Hi beth, I have the same experience with partial participation. You get a sphere impression, but don't get much out of it. That's why I don't like twitter streams from events where I'm not participating. I wonder though whether it makes sense to real multi-taskers?

Beth

What I wonder is how we can improve the quality of the real-time information so it does make sense? 

Beth

reposting Joitske excellent comments here so I don't loose it in my email box

---------- Forwarded message ----------
From: Joitske Hulsebosch


hi, yes, that's puzzling me too. We tried to do a twitter report by having people answer the question: what idea or insight or question do you take away from your workshop session? For the twitterers this was weird, they are used to 'free twittering'. For the non-twitterers it took a lot of persuasion to take them to the twitter table that we set up (some said: yes, I can answer that question, but NO, I don't want to twitter :). I have the impression it doesn't make a lot of sense to them.


If you'd do that AND have someone pull out the interesting things, maybe that could work?

cheers, Joitske

ps did you hear we have a we are media session here with a group of nonprofit consultants in Amsterdam? Petra Kroon is one of the organisers and she invited me!



Robin Mohr

I think the benefit of real time web tools is not for people who need to be at two conferences at once, but to enrich the experience for people who couldn't get to even one conference or meeting.

For my nonprofit, the costs of travel (in dollars and in environmental impact) are becoming more of an obstacle for our members, who have traditionally participated in a rich series of in-person meetings across the state of California.

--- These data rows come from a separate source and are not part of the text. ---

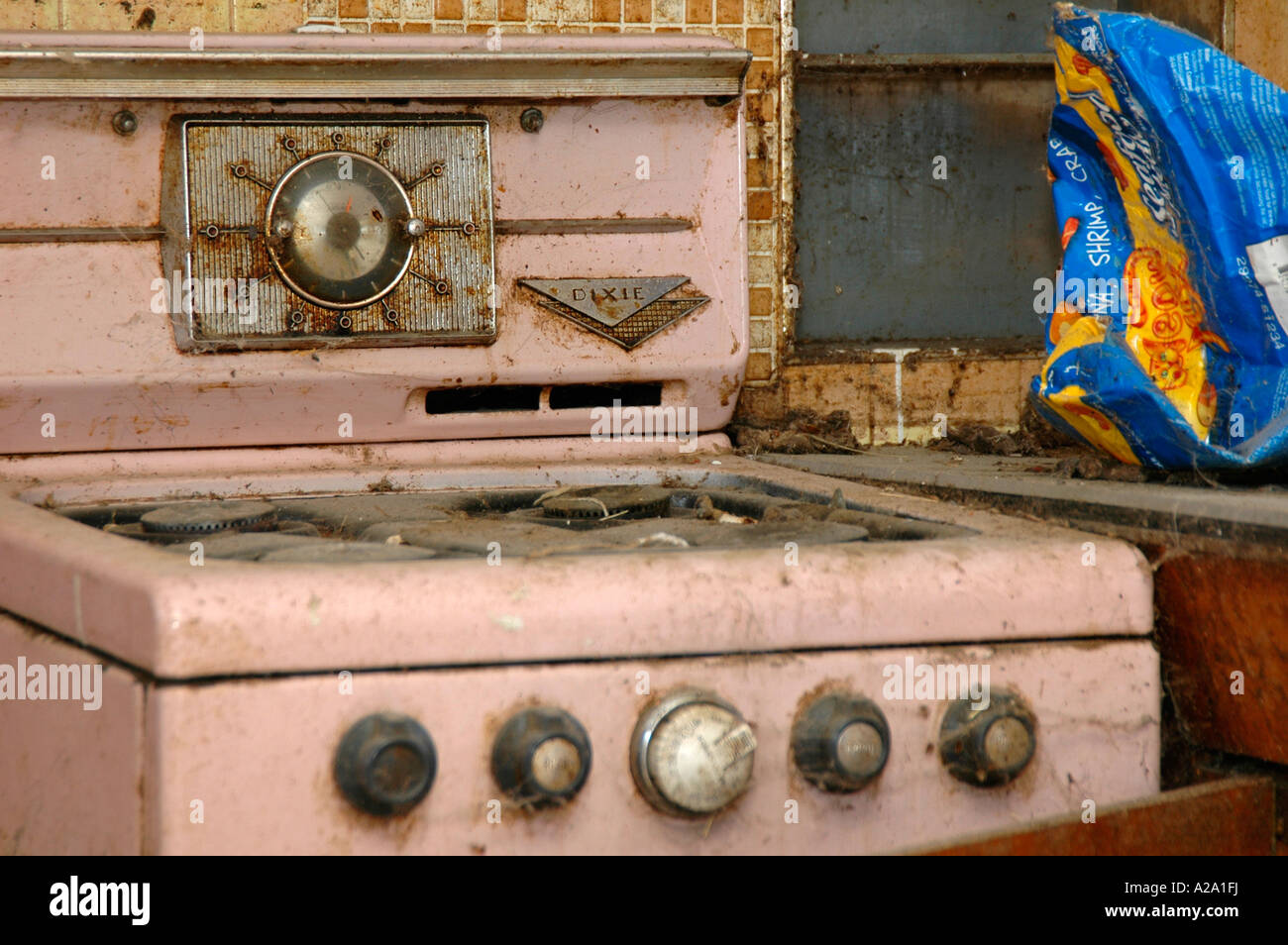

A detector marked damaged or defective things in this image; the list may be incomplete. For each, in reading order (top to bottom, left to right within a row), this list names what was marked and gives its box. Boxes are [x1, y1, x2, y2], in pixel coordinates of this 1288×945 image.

corroded control knob [331, 709, 436, 812]
corroded control knob [491, 705, 590, 808]
corroded control knob [630, 685, 757, 816]
corroded control knob [789, 693, 888, 788]
corroded control knob [939, 689, 1038, 785]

The first step away from needing to be in the same room was the conference call, but people complained that 1)it lacked the ability to make sure people were looking at the same documents, 2)it is hard to interact with more than a handful of people on the phone, and 3) there wasn't enough personal connection. They couldn't see each other's faces, read their body language, interact in the margins (you can't whisper your funny side comment to the person sitting next to you on a conference call) or informally network with people before and after the working sessions (if you're not in the same room, you don't casually run into people you wanted to talk to).

Now the webinar format is conquering the problem of getting everyone the same presentation slides or documents to look at. But it's still largely one way communication, and still difficult for more than a few people to have any interaction.

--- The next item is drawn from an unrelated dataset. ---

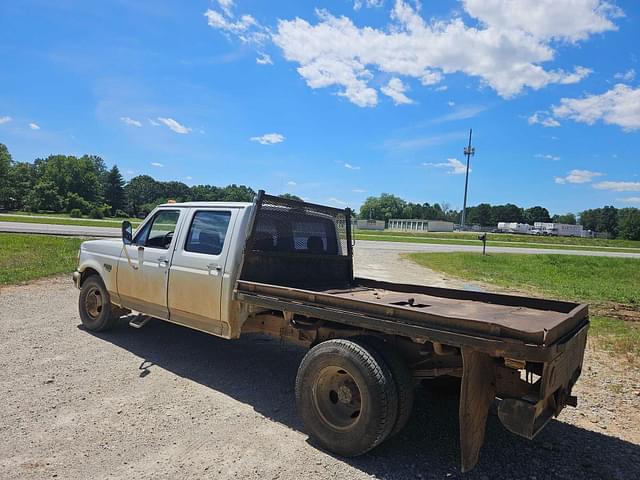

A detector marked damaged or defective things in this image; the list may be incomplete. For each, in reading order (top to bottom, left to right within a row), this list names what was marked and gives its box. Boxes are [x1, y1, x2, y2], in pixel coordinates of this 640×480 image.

rusty metal flatbed edge [235, 278, 592, 364]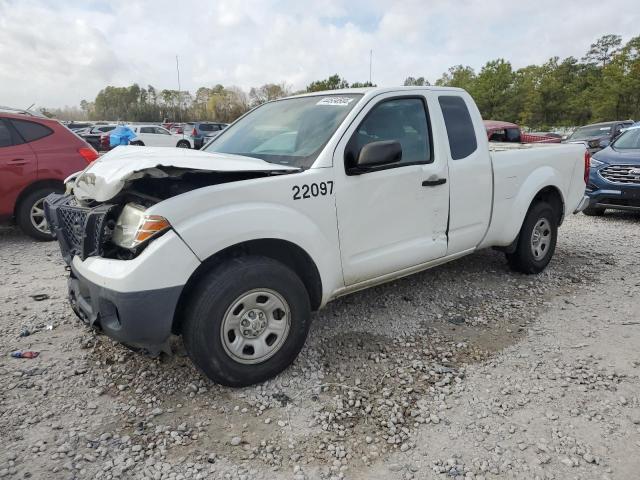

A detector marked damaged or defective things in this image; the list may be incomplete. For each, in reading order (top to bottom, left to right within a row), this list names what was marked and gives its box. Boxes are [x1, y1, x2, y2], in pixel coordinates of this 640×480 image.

crumpled hood [71, 144, 298, 201]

I think that the backchannel and real time web tools will fill those gaps. For example, quickly IMing your snarky comments to a friend or tweeting something you think is valuable to the group but not worth interrupting the speaker for. The more of the personal interaction we can create for people who are not physically in the same room, the more benefit they will get out of alternative/electronic meeting formats.

The adoption curve will take time but the impetus is coming from several directions. As people get more used to the tools, they will be better able to use them, and as the technology improves, based on actual usage, the tools will become inherently more useful. As more people prefer not to or can not travel, they will feel like they have to accept alternative meeting formats, and as the tools improve, electronic meetings will get more like in-person meetings and that will make people like them more.

Martin Kelley

For me, the eye-opening moment was planning a conference with Robin and one other person. The three of us knew each other pretty well and had all met one one-on-one but had never all three been in the same room together. A month to go we scheduled a conference call.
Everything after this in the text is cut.